Mais on n’est pas pour autant contraint à mener dans notre école ou dans notre université la « guérilla intellectuelle » (le mot est de Roger-Pol Droit) à laquelle la lecture de Penser dans un monde mauvais pourrait entraîner. Entre une révolution aussi hasardeuse qu’improbable et de nouvelles réformes cosmétiques sans suite, on peut miser sur la métamorphose dont Edgar Morin fait l’éloge (Le Monde, 31.12.2010) et que lui inspirent aussi bien l’histoire que la nature : « L’idée de métamorphose, plus riche que l’idée de révolution, en garde la radicalité transformatrice, mais la lie à la conservation (de la vie, de l’héritage des cultures) ». Avec beaucoup d’optimisme, le philosophe annonce que « Tout en fait a recommencé, mais sans qu’on le sache. Nous en sommes au stade de commencements, modestes, invisibles, marginaux, dispersés. Car il existe déjà, sur tous les continents, un bouillonnement créatif, une multitude d’initiatives locales, dans le sens de la régénération économique, ou sociale, ou politique, ou cognitive, ou éducationnelle, ou éthique, ou de la réforme de vie. »
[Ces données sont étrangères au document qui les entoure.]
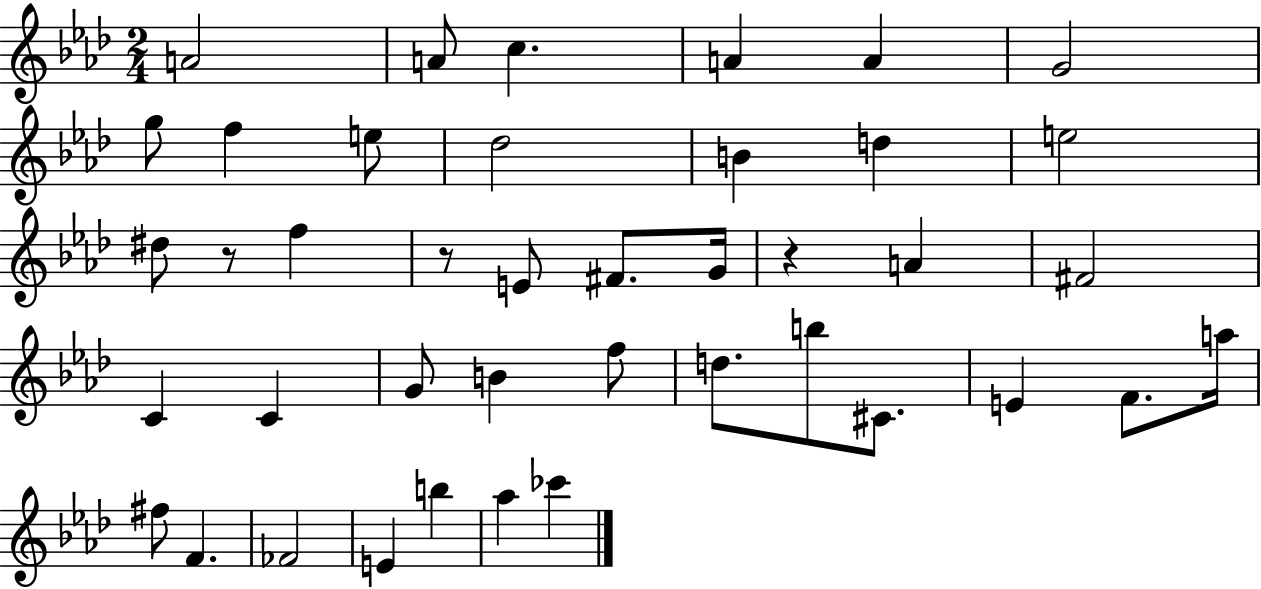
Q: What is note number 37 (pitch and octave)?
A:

Mais pour déclencher ces métamorphoses, faut-il qu’il y ait un ver dans la soie ; pour que des graines germent, faut-il encore en semer ; planter des glands par monts et par vaux, comme le berger de Giono, pour voir un jour avancer des forêts. Sans verser dans l’idéalisme champêtre, qui pourraient être mieux motivés, formés et placés que les enseignants pour ensemencer chez les jeunes l’esprit d’initiative, la curiosité intellectuelle, le libre examen, le sens critique, le goût de l’innovation, non seulement à propos des matières enseignées, mais aussi des conditions, des modalités et des finalités de leur enseignement, du système épistémologique, éducatif, politique dans lequel il est organisé ? Par exemple, en le replaçant dans son contexte, il est plus facile de mettre en perspective le système dans lequel on est plongé, d’en saisir le caractère relatif, historique, circonstanciel, culturel, de questionner les valeurs sur lesquelles il repose et vers lesquelles il tend. Et parmi les enseignants, qui pourraient alors être mieux motivés, formés et placés que les enseignants de langues et de cultures pour ensemencer le recul culturel, l’ouverture d’esprit, la conscience autocritique, la compréhension et le respect des différences, l’intérêt et l’empathie pour l’Autre, la convivialité et la solidarité humaines? Ces attitudes et des démarches pédagogiques, pas aussi innocentes et inoffensives qu’il y paraît, permettent non pas de détruire le système, mais de le remettre au service de ses usagers, et de rendre ceux-ci, dès que possible, prêts à le changer ou à en changer pour un monde meilleur certes, mais pour tout le monde.